The Hong Kong dollar has been pegged to the United States dollar since 1983 at HK$7.80 per U.S. dollar through a currency board system (see graph above, left scale). China has also successfuly stabilized the value of the Chinese yuan over the last ten years, not through a currency board, but with the same results as a currency board (see graph above). China has now let its currency depreciate by about 6% over the last year, partly under pressure from the U.S.
Q: Why do people complain about "currency manipulation" of the Chinese yuan, and not about "currency manipulation" of the Hong Kong dollar, when both countries have attempted to maintain stable currencies vs. the USD, just through slightly different approaches? Perhaps Treasury Secretary Paulson should stop in Hong Kong after his trip to China, to pressure Hong Kong to end its currency board, and 25-year history of a stable ex-rate vs. the USD?

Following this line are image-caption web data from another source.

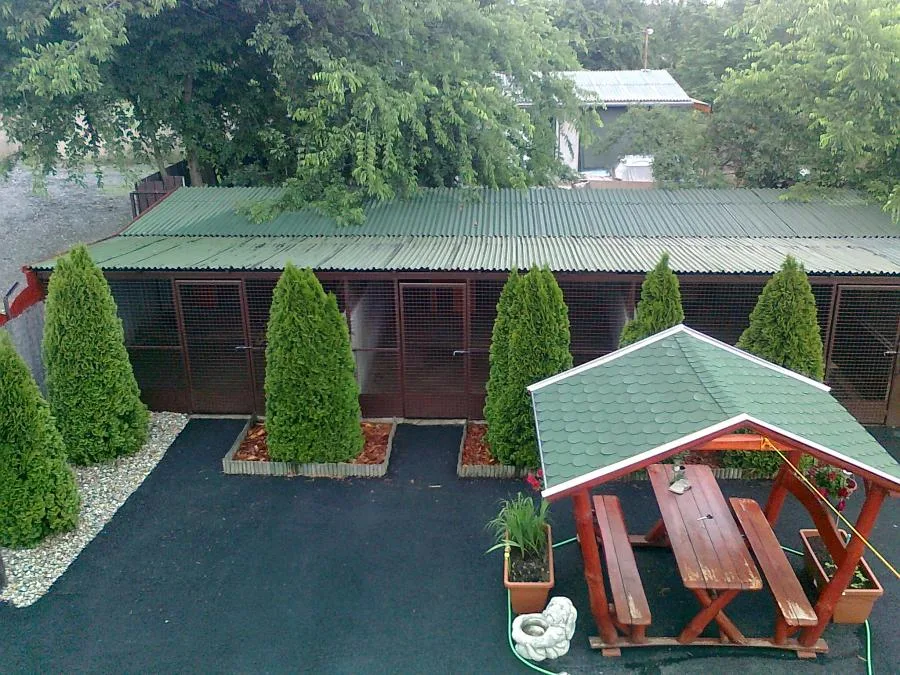 Repülőtéri cica- és kutyapanzió - Budapest pet otel görseli 7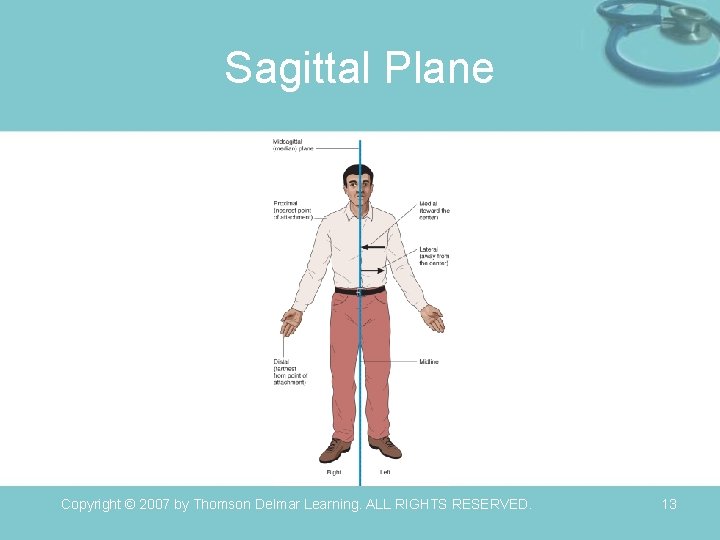 Sagittal Plane Copyright © 2007 by Thomson Delmar Learning. ALL RIGHTS RESERVED. 13 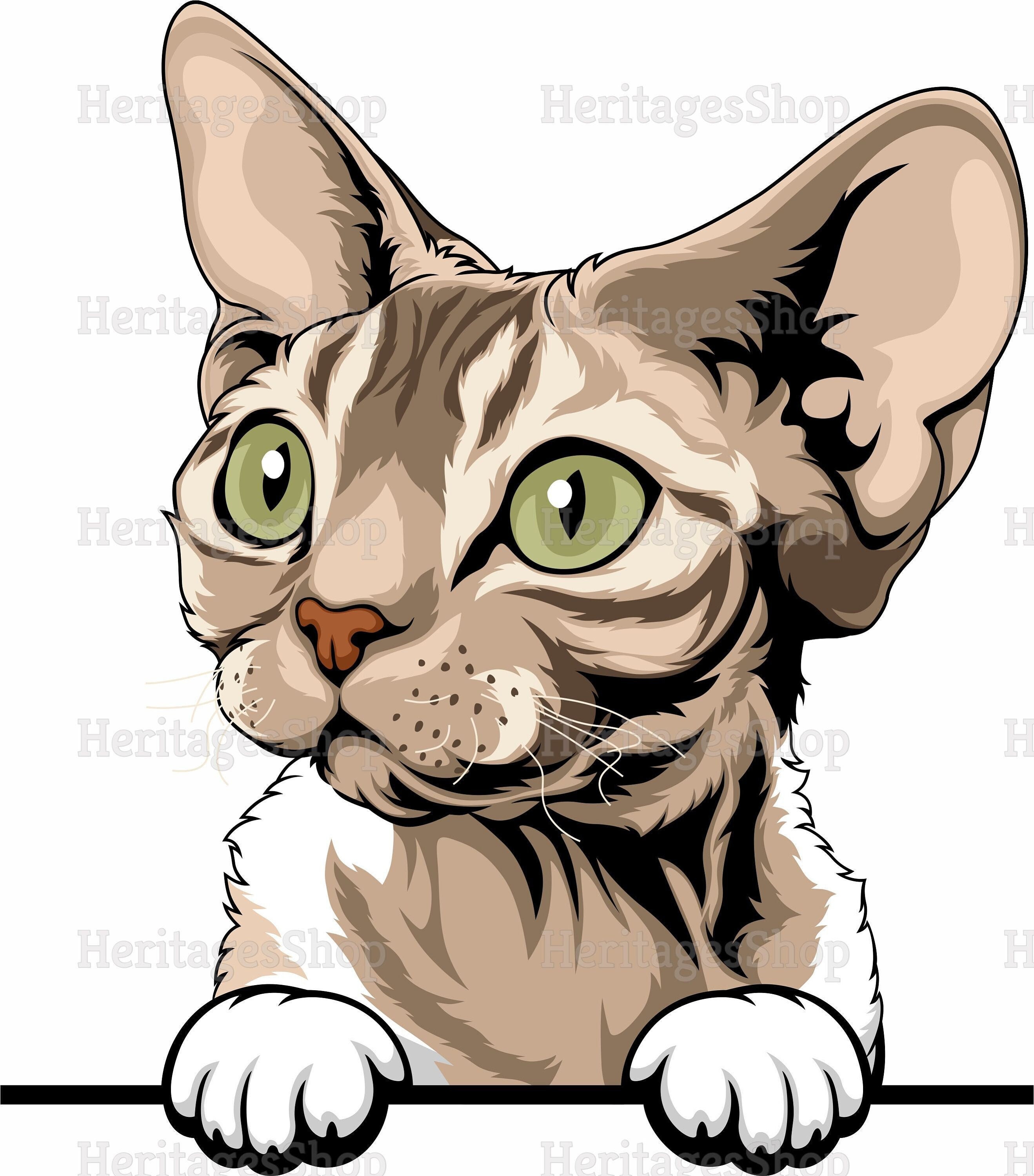 Devon Rex Cat Breed Illustration Peeking Line Peekaboo .svg .png .jpg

See the results here of a Google News search for "China currency manipulation" that returns 256 examples of that phrase in recent news reports. See the results here for a Google news search of the phrase "Hong Kong's currency manipulation" that returns O examples of those words. There are about a dozen countries around the world using currency boards, with the express intention of a stable currency and stable ex-rate vs. some stable currency like the pound (Falkland Islands), euro (Bosnia, Lithuania) or dollar (Cayman Islands, Bermuda, Hong Kong).
Perhaps China should move to a currency board? Results would be the same, but the charges of "currency manipulation" would stop.